» Supplied material
----------

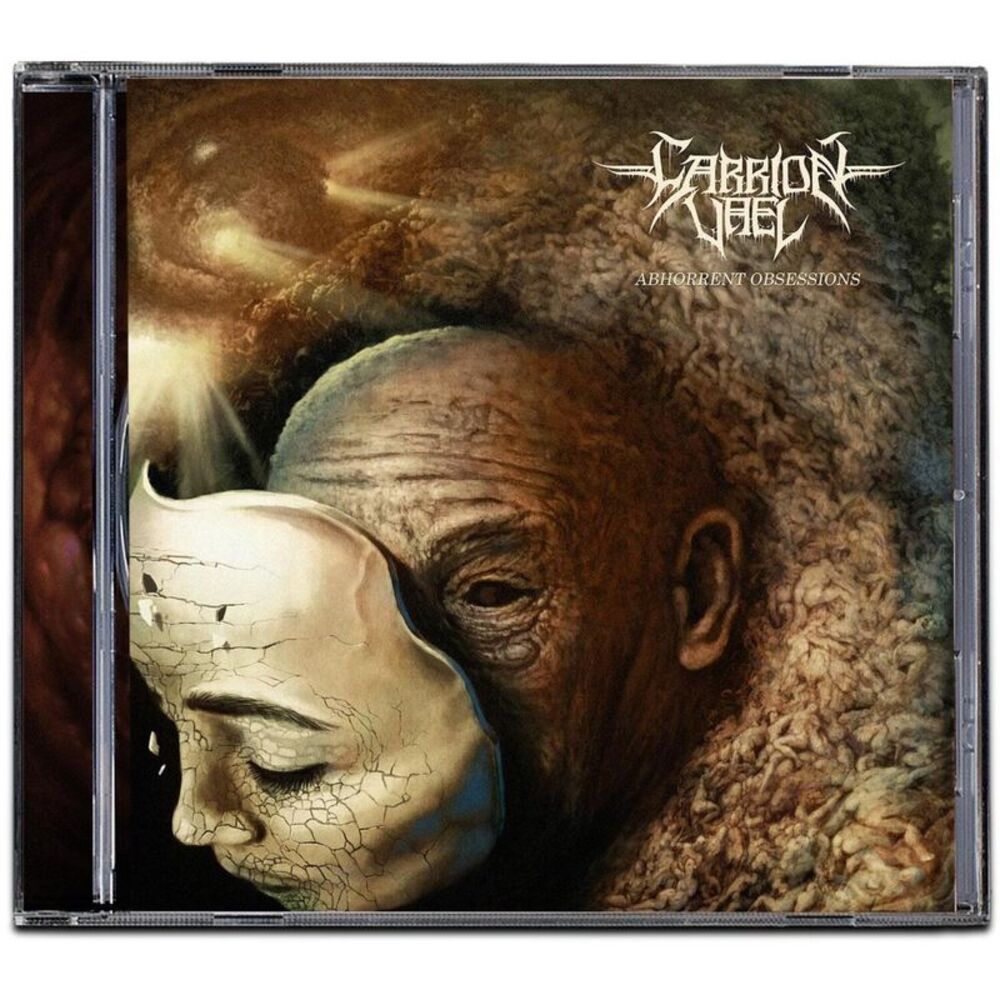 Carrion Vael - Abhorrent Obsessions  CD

----------

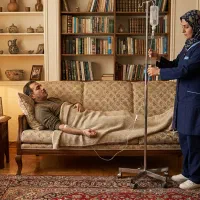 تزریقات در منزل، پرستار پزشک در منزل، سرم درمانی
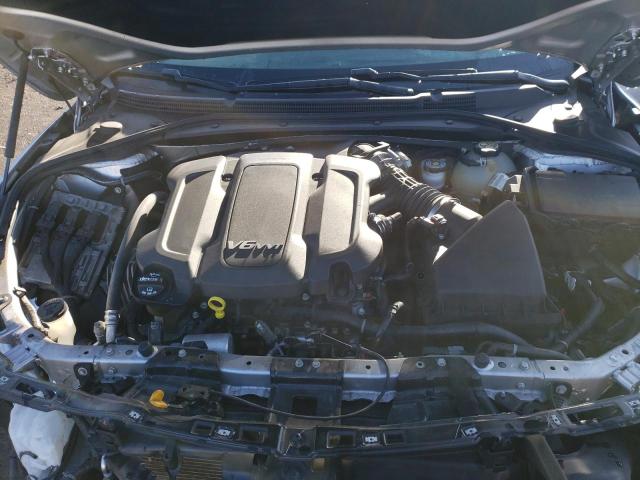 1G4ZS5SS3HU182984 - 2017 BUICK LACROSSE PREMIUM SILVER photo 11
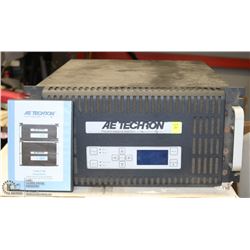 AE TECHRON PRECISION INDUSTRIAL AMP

----------

» Assignment
With the pictures removed from your copy, retype the lines above from the one that contains "1G4ZS5SS3HU182984 - 2017" through the one that contains "AE TECHRON PRECISION INDUSTRIAL AMP", exactly.

» Exercise solution
 1G4ZS5SS3HU182984 - 2017 BUICK LACROSSE PREMIUM SILVER photo 11
 AE TECHRON PRECISION INDUSTRIAL AMP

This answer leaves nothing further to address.